Peygamber Efendimiz (sav), yemeğe Allah’ü Teala’nın ism-i şerifini zikrederek başlardı. Yemekten evvel ellerini yıkamayı ihmal etmezdi. Sağ eliyle ve önünden yerdi. Başlarken ‘’Bismillah’’ veya ‘’Bismillahi evvelehü ve ahirahü’’ denmesini tavsiye etmiştir. (Buhari, Et’ime, Ebu Davut)

Nilgün;  güzel ,  bakımlı  fakat islami bilgisi olmayan bir kızdı. Kendi gibi bir gence gönlünü kaptırdı. Sevgili hayatı yaşamanın haram olduğunu hiç düşünmediler. Dört yıl sonra gösterişli bir düğünle evlendiler. Nilgün hamile kaldıktan sonra da, ne davranışları ne de yedikleri konusunda dikkat etmedi. . Hamile kaldığında da hayatlarında değişiklik yapmadılar. Yaşantıları Rabbinin istediği şekilde olmuyordu. Dışardan fastfood türünde yiyecekler, paketlenmiş ürünler (cips, kola, sigara vb.) tüketmeyi seviyorlardı. İçeriklerinde ne olduğuna dikkat etmiyorlardı. Bir canlının boğazından geçen her lokmanın vücutta dolanıp vücudu terk etmesinin kırk gün olduğunu hiç umursamıyorlardı.

Evlatları oldu. Onların da yaşamları Rablerini tanımayan şekilde oldu. Dünyevi rahatlığı önemseyen fakat ahiretini kazanamayan evlatlar oldular.

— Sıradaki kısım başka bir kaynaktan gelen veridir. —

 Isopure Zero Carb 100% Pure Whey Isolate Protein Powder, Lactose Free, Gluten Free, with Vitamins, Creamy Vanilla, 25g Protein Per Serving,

Beyza, harama helale çok dikkat eden bir bayandı. Eşini de sık sık uyarırdı. ‘’Aman dikkat et de bir lokma dahi olsa boğazımızdan haram lokma geçirme. İş yerinden bir kalem dahi olsa eve getireyim deme, hassas ol’’ derdi. Eşi de çok dikkatli bir beydi. Üç tane çocukları oldu. Hamilelik dönemlerinde Beyza yediklerine çok dikkat ediyordu. Paketli ürünleri tüketmek yerine doğal ve içeriğini bildiği ürünleri tüketiyordu. Domuz ürünleri veya katkı maddelerinin olma ihtimali olan ürünleri tüketmiyordu. ‘’Rabbim bolluk bereket ve çeşitlilik vermiş’’ diyerek her zaman şükrediyordu. Çocuklar doğduktan sonra da asla onlara abdestsiz süt emzirmedi. Yemekleri yaparken her zaman abdestli olmaya ve yemekleri yapma sürecinde dualar okumaya özen gösterirdi. ‘’Allah’ım bu yemeği yiyen her kim olursa olsun imanı kuvvetlensin ve maddi manevi sağlık bulsun. Senin sevdiklerinden olmalarını nasib et. Bu yemekten yiyenler meleklerin tarafından her daim korunsunlar. Nazardan, kazadan, beladan korunsunlar. Güzel ahlaklı ve merhametli olsunlar. Sevdiklerinden eyle ey Rabbim!’’ gibi dualar ederek ve zikirler çekerek yemekleri ve sofraları hazırlardı. Sofraya oturanlara da besmele çekmeyi hatırlatırdı. Mümkün olduğunca peygamberimizin yaptığı sünnetleri uygulamaya çalışırdı. Tuzla başlayıp bitirme , sofrada yeşillik bulundurma vb. uygulardı. Çocuklarına yemek yapmayı öğrettiği zamanlarda öncelikle hijyene, abdestli olmaya, besmeleye ve dualara önem vermeleri gerektiğini hatırlatır ve teşvik ederdi.

Çocuklar haram lokma yemeden büyütüldüğü için olgun, edepli ve imanı yüksek insanlar oldular.

Çocuğunuz huysuz, hırsız, KÖTÜ AHLAKLI olsun istiyorsanız, hamilelikten başlayarak ona gidecek gıdanın haram olup olmamasına dikkat etmeyin.